What about the constitutionality of SB 1070?
SB 1070 makes a dozen or more important changes in the law. Certain parts of the bill, wise or unwise, are quite constitutional and consistent with federal practice. I would be very surprised if the whole thing is knocked out by legal challenges. SB 1070 allows an officer to stop someone and investigate their immigration status with “reasonable suspicion” that the person is in the United States illegally. (This provision was temporarily blocked by the court on July 29.) That’s tricky. If you are stopped for DUI, the police may ask about your immigration status — that’s legal. And if they suspect you are undocumented, they can call the Border Patrol. But if, for example, they find no basis to arrest you for DUI, they can’t continue to hold you to fish around for other crimes you might be guilty of. That’s not legal.
The constitutionality of many of the provisions creating Arizona crimes based on federal immigration status is doubtful. The federal Immigration and Nationality Act provides that undocumented people can be charged with crimes, prosecuted civilly, or granted various forms of relief, including potential legalization under some circumstances, based on the discretion of federal administrators. Because SB 1070 allows Arizona officials to charge undocumented people with crimes, when the federal authorities might have exercised their discretion under the Act to do something else, SB 1070 interferes with federal authority.
Of course, in theory we could secure the border now — we could mine it, irradiate it, kill off anything that moved. But that’s not America. My historical perspective tells me we are not going to do that. So if that’s not the case, the sooner we come to immigration reform, the better. The core problem is, comprehensive immigration reform today just sets up the next round of amnesty. We want the labor and migrants want the work. There was amnesty in 1986, which legalized about 2 million immigrants, and we may have another in 2011 or 2012, helped along by the firestorm unleashed by SB 1070. I hope it will include a long-term solution, which probably should include a temporary agricultural-worker program.

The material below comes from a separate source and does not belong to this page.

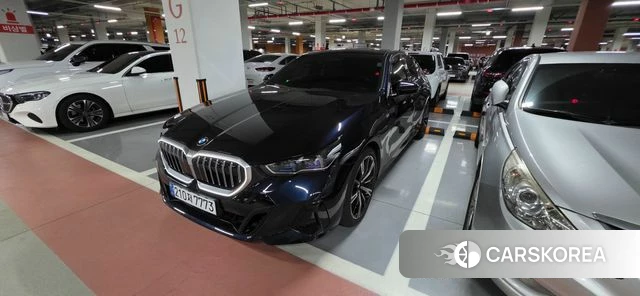 BMW 5 Series (G60) 2025 Черный из Кореи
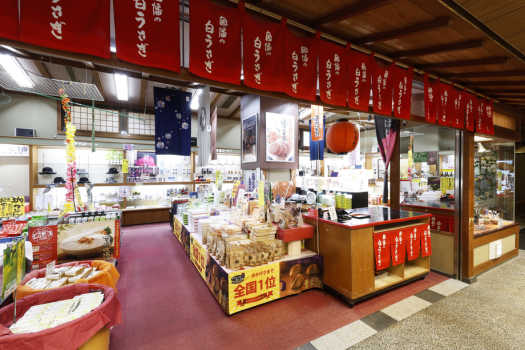 【売店】お菓子やおつまみ・お酒など、鳥取土産を幅広く取り揃えております♪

So what about the costs of SB 1070?
It seems to reflect a strong desire for a free lunch, to get more enforcement without paying for it. But there always is a trade-off. We could provide more immigration enforcement (without SB 1070), but we’d have to raise taxes to hire more police and stop providing other services to afford it. We could tell the police that we now have this big priority, immigration, and they should stop answering 911 calls or stop investigating rapes, robberies, and murders to focus on immigration, and to stop investigating organized smuggling of guns, money, drugs, and humans to focus on low-level immigration violations. The question becomes, how much are people willing to have their taxes raised to pay for immigration enforcement? I suspect the answer is not much. SB 1070 is symbolic politics — it’s about the latest wave of immigrants from Mexico since 1986, not about immigration reform or law enforcement.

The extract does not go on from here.